Plus, if you want a guided tour, note that there are numerous free walking tours throughout the city, including those from the Village Alliance in the West Village, the Lower East Side Visitors Center, the Times Square Alliance, the Grand Central Station Visitors Center, and the Central Park Conservancy, among others.
Three-hour queue-up at the Empire State Building
No doubt, it’s a beautiful view. But you don’t have to pay $19 (per person) and wait two to three hours in line in order to see the skyline. One option is to go to the Top of the Rock at Rockefeller Center — it’s just as expensive, but the view is arguably better (as you can see the Empire State Building in it) and the lines aren’t quite as brutal, most of the time. Alternatively, you can forego the cover-charge altogether and catch a cocktail at the swanky Salon De Ning on the roof of the Peninsula Hotel or check out our list of the best rooftop bars in New York. You’re not quite as elevated, but the view’s always better with a drink in hand.

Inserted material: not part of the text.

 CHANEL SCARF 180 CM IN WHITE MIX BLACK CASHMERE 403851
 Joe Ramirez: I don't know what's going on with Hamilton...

Times Square’s franchise restaurants
In Manhattan, about the only place you’ll find an Applebee’s or a T.G.I. Friday’s is amidst the tourist crowds in Times Square. Whether the over-salted, mass-produced, largely homogenous cuisine is worth it in other towns is open to debate. But in New York City the menu prices at these restaurants skyrocket — at $20 for a burger, you can do much better in the nation’s culinary capital. If you’re in Times Square, walk just five- to 10 minutes west to Ninth and Tenth avenues where you’ll find dozens of superior restaurants that often cost less (Gallo Nero, Eatery, and Hallo Berlin are some of our nearby favorites).
Access the Met for any donation, really
The Metropolitan Museum of Art (“the Met”) has arguably the greatest collection of priceless artifacts anywhere in North America, and yet it’s open to the public free of charge (they merely ask that everyone donate what they can upon entry). Of course, the museum doesn’t want to be too forthcoming about this fact; misleading signage at the entrance that reads “$26.50 adult admission” and most tourists pay up without a second thought. If you can afford the suggested donation, by all means dig deep — preserving thousand-year-old tapestries is not cheap — but if all you can budget is an extra $5, don’t let it stop you from seeing the famous relics. Don’t worry about cynical looks from staffers either; they’ll probably just assume you’re a local.